**TASK PROMPT:** Restate all of the material, keeping every line identical to the original.
** GIVEN RECORDS follows **
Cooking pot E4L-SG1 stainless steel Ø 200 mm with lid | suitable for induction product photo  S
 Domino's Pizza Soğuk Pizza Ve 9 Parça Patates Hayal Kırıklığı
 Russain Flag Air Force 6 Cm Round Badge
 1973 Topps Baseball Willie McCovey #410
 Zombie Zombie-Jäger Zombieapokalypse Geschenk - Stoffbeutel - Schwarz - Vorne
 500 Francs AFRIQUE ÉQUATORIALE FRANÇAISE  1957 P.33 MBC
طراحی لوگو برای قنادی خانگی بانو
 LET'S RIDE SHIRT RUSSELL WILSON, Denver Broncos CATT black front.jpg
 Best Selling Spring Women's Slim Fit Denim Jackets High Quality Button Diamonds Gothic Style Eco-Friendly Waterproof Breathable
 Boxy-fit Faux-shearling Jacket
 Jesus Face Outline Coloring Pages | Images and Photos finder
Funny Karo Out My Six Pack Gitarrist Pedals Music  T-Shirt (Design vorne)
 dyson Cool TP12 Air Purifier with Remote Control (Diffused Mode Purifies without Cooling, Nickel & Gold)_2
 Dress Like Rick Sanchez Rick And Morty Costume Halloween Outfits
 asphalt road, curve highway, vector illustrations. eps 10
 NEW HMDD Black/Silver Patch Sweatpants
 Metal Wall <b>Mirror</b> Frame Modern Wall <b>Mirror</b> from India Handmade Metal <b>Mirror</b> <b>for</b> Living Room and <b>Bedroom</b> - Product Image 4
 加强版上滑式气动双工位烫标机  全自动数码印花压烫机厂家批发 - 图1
** End of GIVEN RECORDS **
**EXERCISE SOLUTION:**
Cooking pot E4L-SG1 stainless steel Ø 200 mm with lid | suitable for induction product photo  S
 Domino's Pizza Soğuk Pizza Ve 9 Parça Patates Hayal Kırıklığı
 Russain Flag Air Force 6 Cm Round Badge
 1973 Topps Baseball Willie McCovey #410
 Zombie Zombie-Jäger Zombieapokalypse Geschenk - Stoffbeutel - Schwarz - Vorne
 500 Francs AFRIQUE ÉQUATORIALE FRANÇAISE  1957 P.33 MBC
طراحی لوگو برای قنادی خانگی بانو
 LET'S RIDE SHIRT RUSSELL WILSON, Denver Broncos CATT black front.jpg
 Best Selling Spring Women's Slim Fit Denim Jackets High Quality Button Diamonds Gothic Style Eco-Friendly Waterproof Breathable
 Boxy-fit Faux-shearling Jacket
 Jesus Face Outline Coloring Pages | Images and Photos finder
Funny Karo Out My Six Pack Gitarrist Pedals Music  T-Shirt (Design vorne)
 dyson Cool TP12 Air Purifier with Remote Control (Diffused Mode Purifies without Cooling, Nickel & Gold)_2
 Dress Like Rick Sanchez Rick And Morty Costume Halloween Outfits
 asphalt road, curve highway, vector illustrations. eps 10
 NEW HMDD Black/Silver Patch Sweatpants
 Metal Wall <b>Mirror</b> Frame Modern Wall <b>Mirror</b> from India Handmade Metal <b>Mirror</b> <b>for</b> Living Room and <b>Bedroom</b> - Product Image 4
 加强版上滑式气动双工位烫标机  全自动数码印花压烫机厂家批发 - 图1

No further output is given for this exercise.